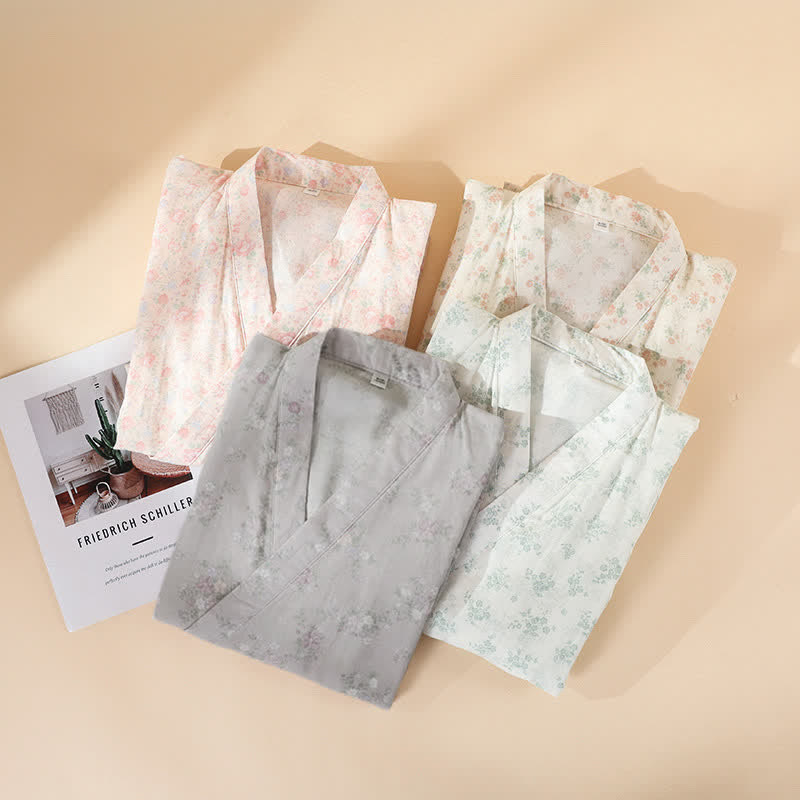 Floral Cotton Gauze Nightgown Home Wear - image 1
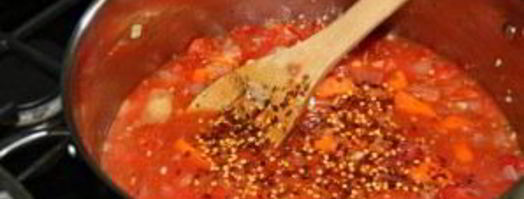 морской окунь с овощным рагу. Шаг 2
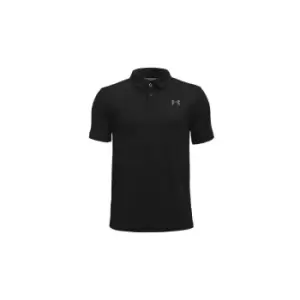 Under Armour Boys Performance Polo - Black - YXL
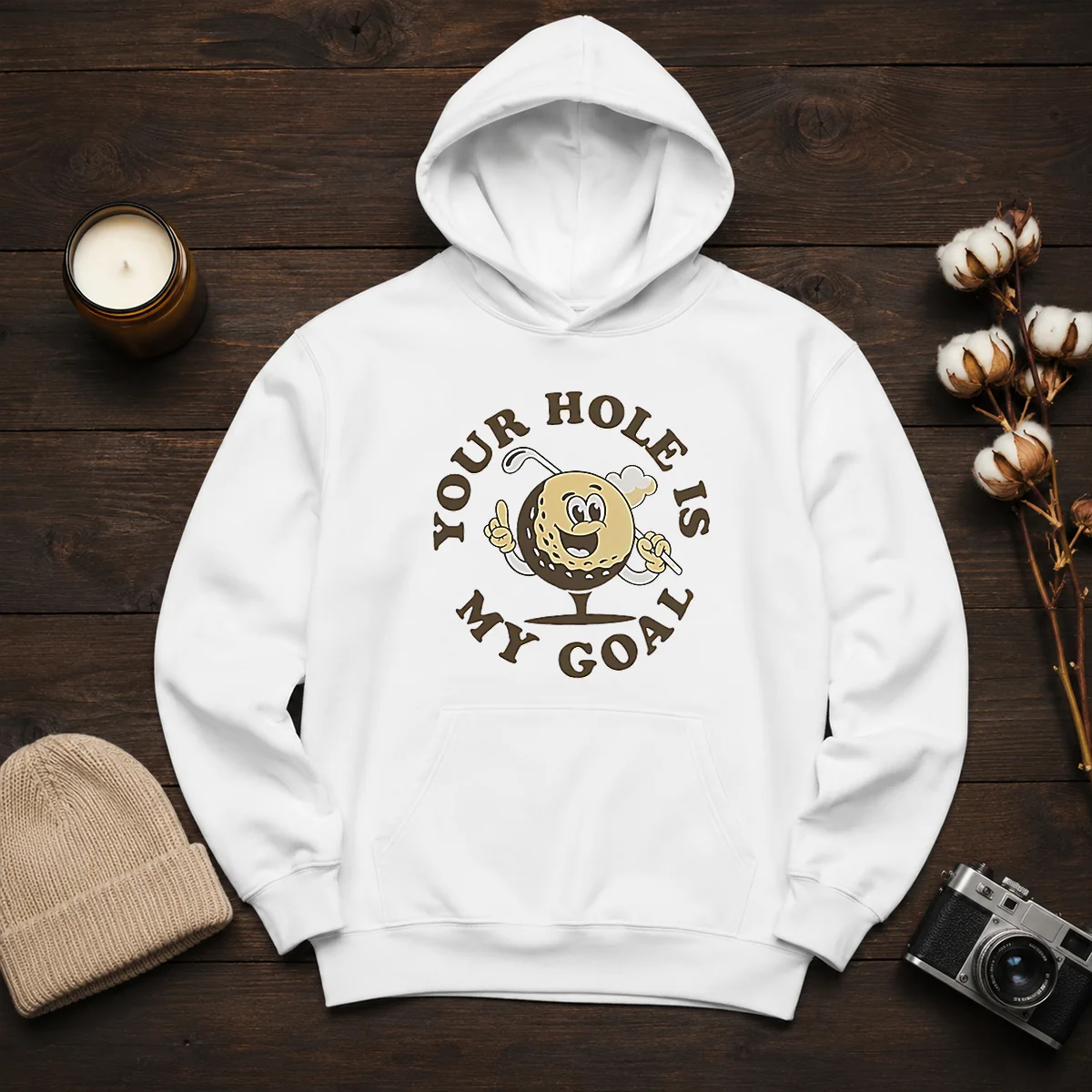 Pretty Your Hole Is My Goal Retro Golf Cartoon Shirt - Image 6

**Exercise description**
Without any pictures, please write out the lines from the one containing "морской окунь с овощным рагу. Шаг 2" through the final line of the data, exactly and inclusive of both ends.

**Result**
 морской окунь с овощным рагу. Шаг 2
 Under Armour Boys Performance Polo - Black - YXL
 Pretty Your Hole Is My Goal Retro Golf Cartoon Shirt - Image 6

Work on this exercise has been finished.